Z życia wzięte… czyli o zastawianiu biurokratycznych pułapek

LIPIEC 2014

-„Ale ja nie jestem w tej chwili zameldowana na Białołęce.” - „Ale mieszkasz tu?” -„Tak oczywiście. Co więcej kupiłam tu drugie już mieszkanie i wkrótce odbieram klucze.” -„To nie ma sprawy, najważniejsze, że tu mieszkasz.”   - Właściwie trudno odmówić słuszności i poprawności tej odpowiedzi i całej rozmowy przedwyborczej pewnej kandydatki na radną i członka pewnej organizacji partyjnej funkcjonującej na Białołęce, obecnie Radnego.  Ta wymiana zdań miała swą kulminację 1.10.2014, kiedy to w/w młodzieniec zaproponował w/w kandydatce umieszczenie w rejestrze wyborczym w jego domu na Białołęce. TA omamiona rycerskością ONEGO kandydatka nie przeczuwała, że ten sam przemiły Radny, niecały rok później - 22 09.2015 doniesie na ową kandydatkę, że ONA u niego już nie mieszka… od 1.01.2015r… Przez 9 miesięcy nie zauważył, że wówczas już Radna, z nim nie mieszka?

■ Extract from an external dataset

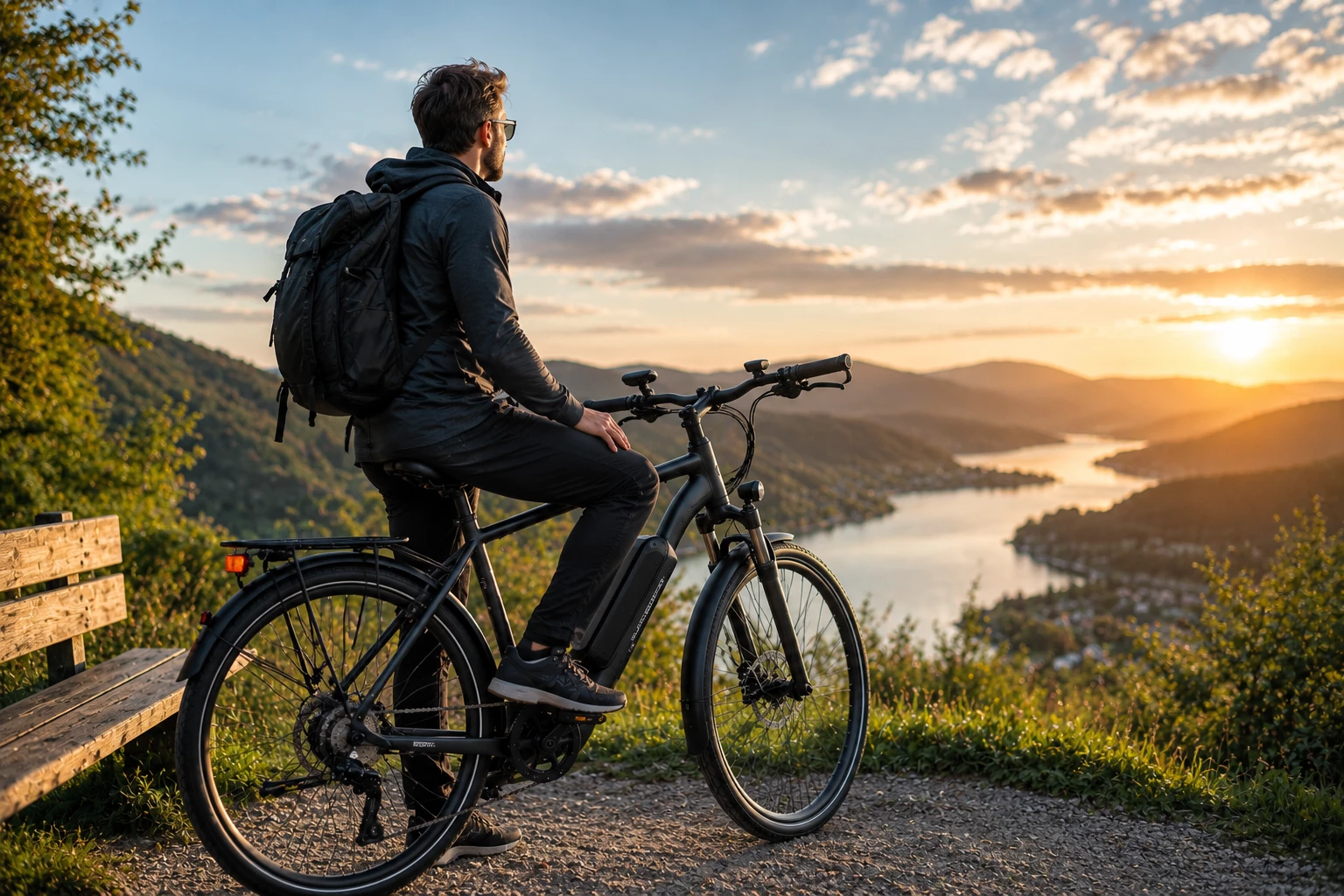 E-Bikes machen längere Touren entspannter und sorgen für mehr Reichweite im Alltag. (KI-generiert)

Czy dojrzewał do decyzji?

Ale zanim do tego dojdzie cofnijmy się na chwilę do marca 2014, by poznać kilka faktów i może pobrać krótką lekcję z biurokratycznej i życiowej zawiłości prawa i zdarzeń…

POCZĄTEK ZMIAN

Na Zielonej Białołęce mieszkam od czerwca 2003 roku. Na Derbach 1 spędziłam ponad 10 lat mojego życia. Tu urodziła się moja córka, tu poznałam wielu ciekawych ludzi, tu pracowałam w zarządzie wspólnoty mieszkaniowej. Tu poczułam więź z Białołęką jako dzielnicą i postanowiłam związać z nią swoje dalsze losy, ale już w nieco większym mieszkaniu. W marcu 2014 podpisałam umowę deweloperską kupna nowego mieszkania (na Białołęce – dwie przecznice dalej), by już w lipcu 2014 roku móc odebrać klucze. W maju 2014 sprzedałam swoje poprzednie mieszkanie, które miałam opuścić do grudnia 2014. Jak widać dość nudne, ale spójne fakty.

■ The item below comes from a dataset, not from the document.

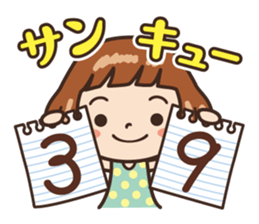 Because is a girl...[Everyday] sticker #7894570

„BEZDOMNOŚĆ NOWOBOGACKICH”

Wymeldowałam się ze sprzedanego mieszkania, bo taki był wymóg formalny przy podpisywaniu aktu notarialnego sprzedaży, ale nie miałam się gdzie zameldować, bo jeszcze nie miałam aktu własności nowego mieszkania. I tak po raz pierwszy stałam się „bezdomna”. Ale przecież wkrótce miałam się zameldować w nowym mieszkaniu…  to miała być chwila…  Wszystko wydawało się świetnie skoordynowane i zaplanowane….

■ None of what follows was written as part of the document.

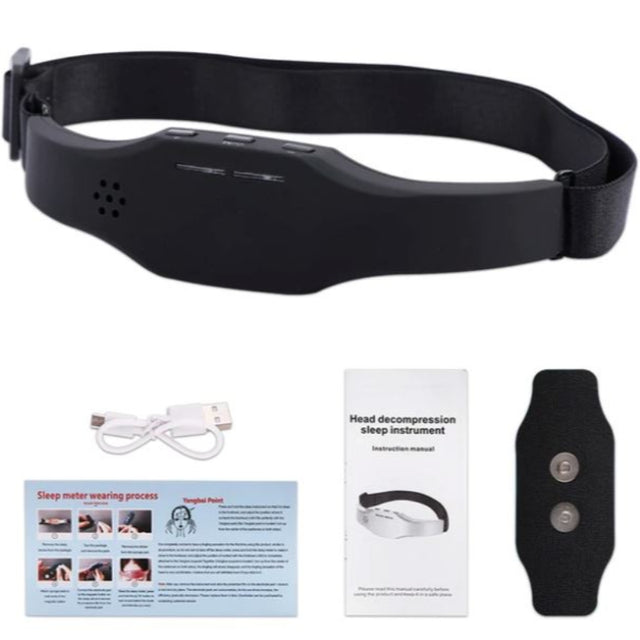 HEAD RELIEF ORIGINAL - Massageador Elétrico - A Solução para suas dores de cabeça e enxaqueca SA003 Kaypestore Preto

CZY BEZDOMNY MOŻE MIEĆ PRAWO JAZDY?

Niestety już w czerwcu 2014 zaczęły się schody, mijały miesiące, a developer podawał coraz to nowe terminy odbioru. W grudniu 2014 zmuszona byłam wynająć mieszkanie przejściowe (również na Białołęce). Co więcej, w związku ze zmianą i nie tylko…  okazało się, że muszę wyrobić nowe dokumenty: dowód osobisty i prawo jazdy. Udało mi się wyrobić dowód osobisty bez adresu. W naszym kraju można nie mieć adresu, a można mieć dowód osobisty. Niestety prawa jazdy już nie. Stanęłam przed konkretnym problemem. Właściciel wynajmowanego przeze mnie mieszkania zastrzegł w umowie brak możliwości zameldowania. Potrzebowałam prawa jazdy, bo jazda samochodem to jeden z moich obowiązków służbowych. Zmuszona byłam poprosić znajomych o możliwość zameldowania się czasowego u nich (na Białołęce). Wierzyłam, że deweloper szybko zakończy inwestycję. Dałam mu pół roku (do czerwca 2015).

KOŃCA NIE WIDAĆ

W tym czasie spadały na tą inwestycję i dewelopera kolejne „klęski żywiołowe”,  a wszystko co mogło się nie udać, nie udało się. Mieszkanie było zalewane z dachu, w pokoju dziecka pojawiła się pleśń na ścianie, wykonano wadliwą instalację elektryczną, sprzedano mi, już wcześniej sprzedane miejsce parkingowe, mieszkanie okazało się o 2 m2 mniejsze niż umowa zakładała, deweloper uchylał się od płacenia kar umownych, a przeniesienie własności podpisywano przez 2 miesiące, bo albo bank albo developer nie  dostarczali stosownych dokumentów. Groteskowa komedia pomyłek. Jeszcze we wrześniu 2015 nie było widać końca… Zbliżały się wybory parlamentarne, w których chciałam wziąć udział. Po raz kolejny skorzystałam z życzliwości ludzi. Zameldowałam się u koleżanki, albowiem poprzedni czasowy meldunek wygasł. Skorzystałam z mojego konstytucyjnego prawa - wzięłam udział w wyborach parlamentarnych, będąc zameldowana czasowo w nowym miejscu (także na Białołęce), bo już wiedziałam, że uprzejmy Radny usunął mnie z rejestru wyborców w jego domu, ale nie wiedziałam jeszcze co się za tym kryje.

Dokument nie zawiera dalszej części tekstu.